Revenant sur les violences en cours, le Frère Dominicain a plaidé pour les jeunes au centre de ces violences afin qu’un avenir meilleur leur soit offert. Tout en déplorant la violation des droits civils et politiques des citoyens, Frère Emmanuel Ntakarutimana a jugé de « bombe à retardement » la violation des droits sociaux-économiques : « demain il y aura de nouvelles explosions si les droits sociaux-économiques ne sont pas pris en compte ».

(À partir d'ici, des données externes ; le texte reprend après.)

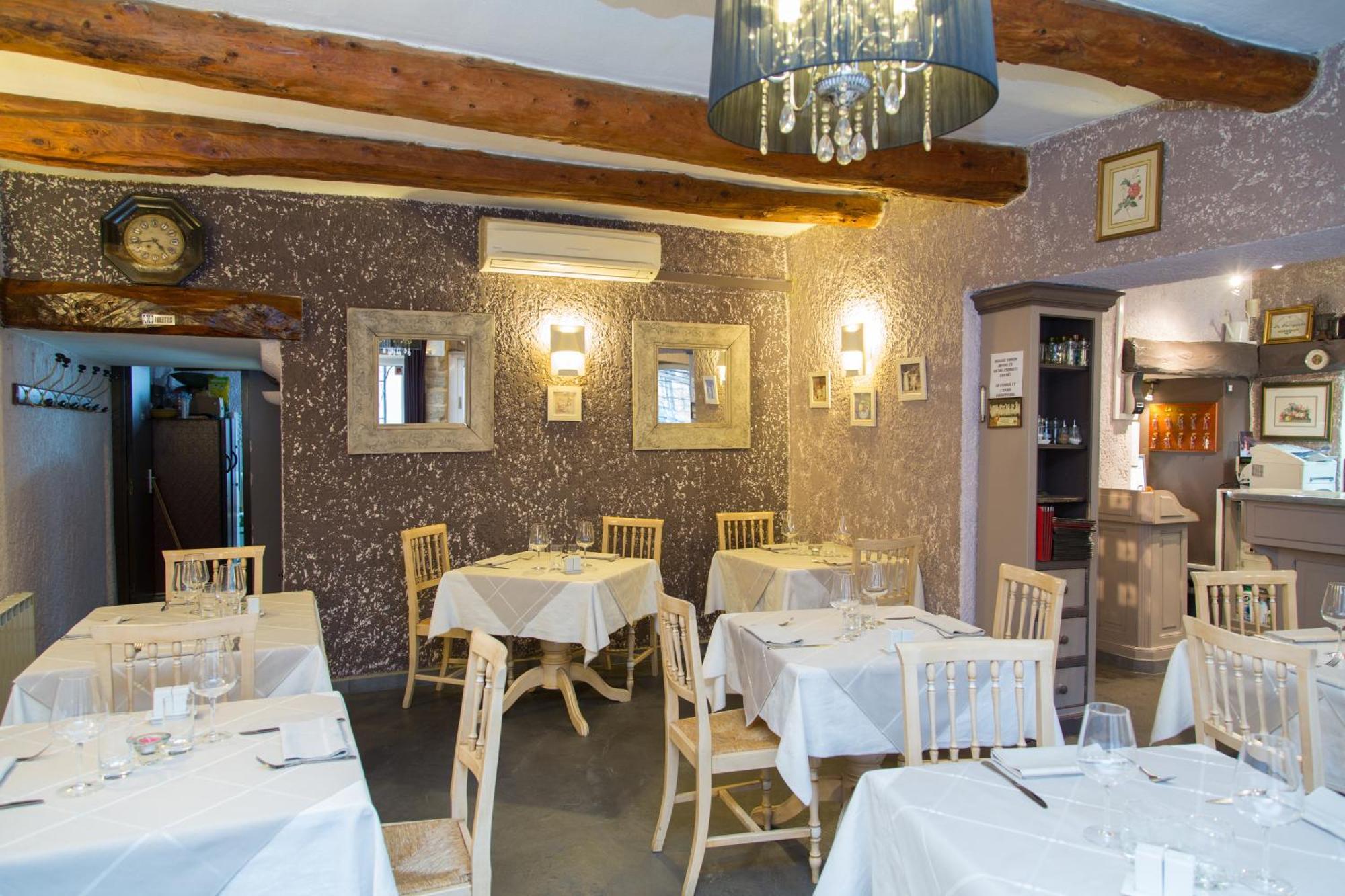 Logis Hotel Restaurant La Farigoule Sainte-Cécile-les-Vignes Buitenkant foto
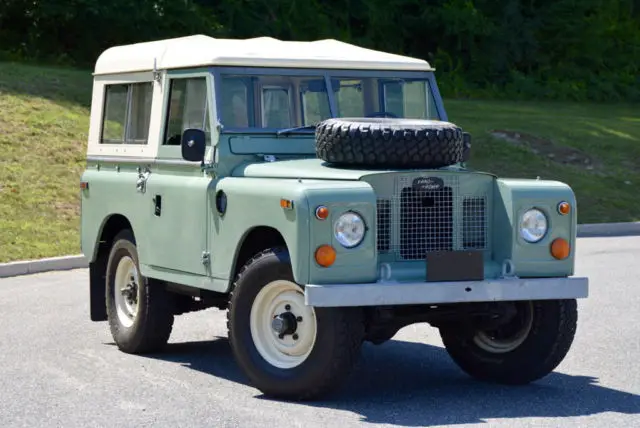 1970 Land Rover Defender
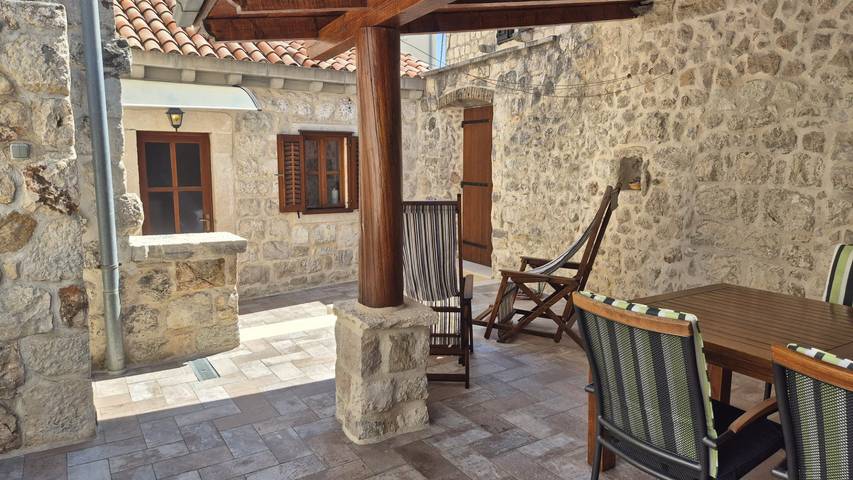 Villa pour 5 personnes, avec terrasse et jardin à Slano - 2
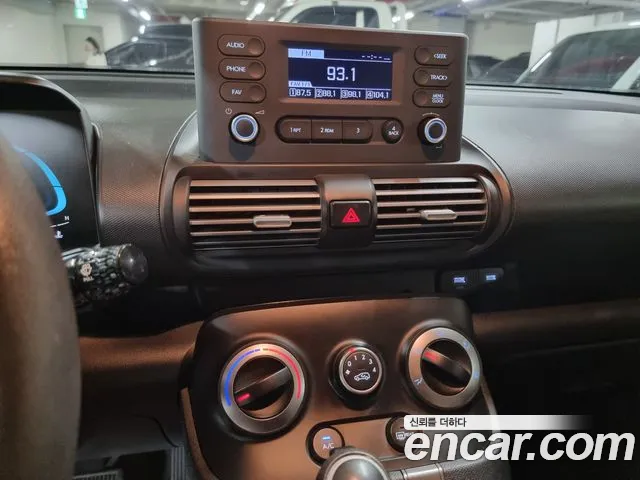 Hyundai Casper — Фото автомобиля 9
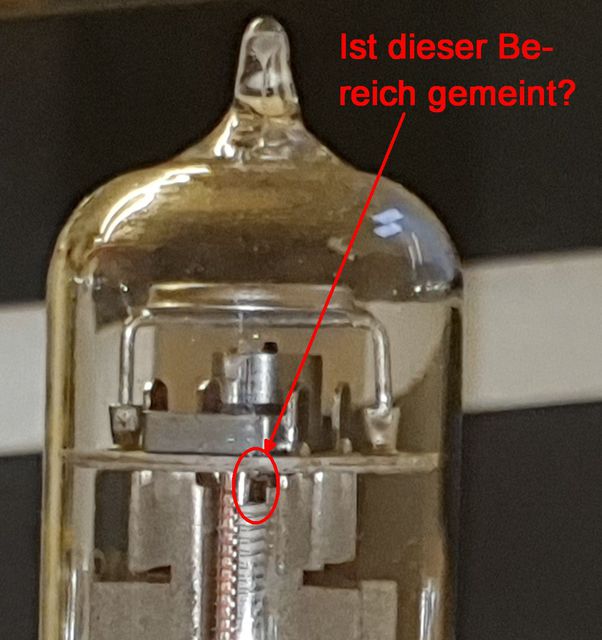 6S19P   Kathode Länger Als Gitter (Detail Mit Pfeil)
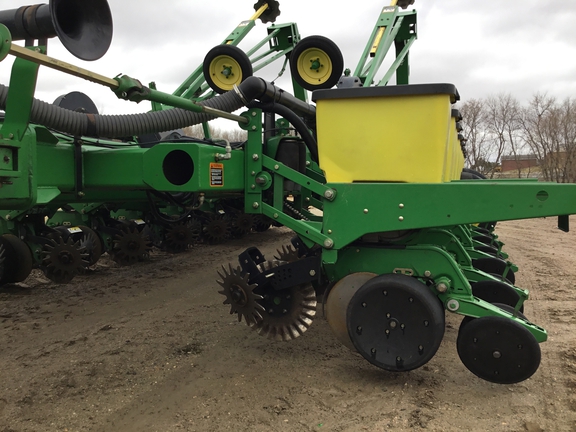 2002 John Deere 1770 Planter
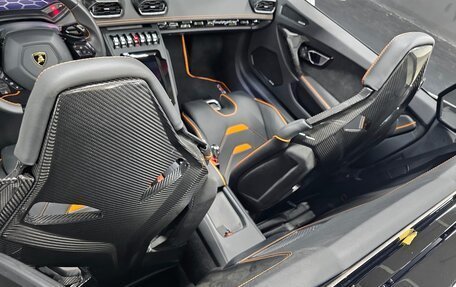 Lamborghini Huracán, 2022 год, 23 800 000 рублей, 12 фотография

Selon Frère Emmanuel Ntakarutimana, il ne faut pas être défaitiste à l’heure actuelle. Le danger est la « fatigue » au niveau du système des Nations Unies, des diplomates, des ONGs, des partis politiques et des citoyens. « Il faut sortir de cette fatigue généralisée qui limite la capacité d’imagination et de créativité au niveau des solutions » a conclu l’ancien président de la CNIDH.
Prenant la parole, le chargé de la Communication à la Présidence de la République a qualifié de « virtuel » le Burundi dépeint par certaines personnes en regrettant que des Burundais soient en exil : « j’ai été réfugié et je ne voudrais que personne ne vive en exil » a déclaré Willy Nyamitwe. Pour démontrer l’exagération de la crise, le Conseiller du Président a fait un parallèlisme avec l’année 2010 : « ce que nous vivons aujourd’hui est le reflet de ce que nous avons vécu en 2010 : le déni du résultat des élections, des grenades jetées, des morts chaque jour mais qui se passait loin de la capitale Bujumbura, loin des journalistes et loin des diplomates » a-t-il déclaré.
Plusieurs autres ‘’side-events’’ sont organisés où des Burundais expriment leurs points de vue sur la situation actuelle. La journée de lundi 21 mars 2016 sera à nouveau consacrée en partie au Burundi qui sera à l’ordre du jour du Conseil des Droits de l’Homme des Nations Unies.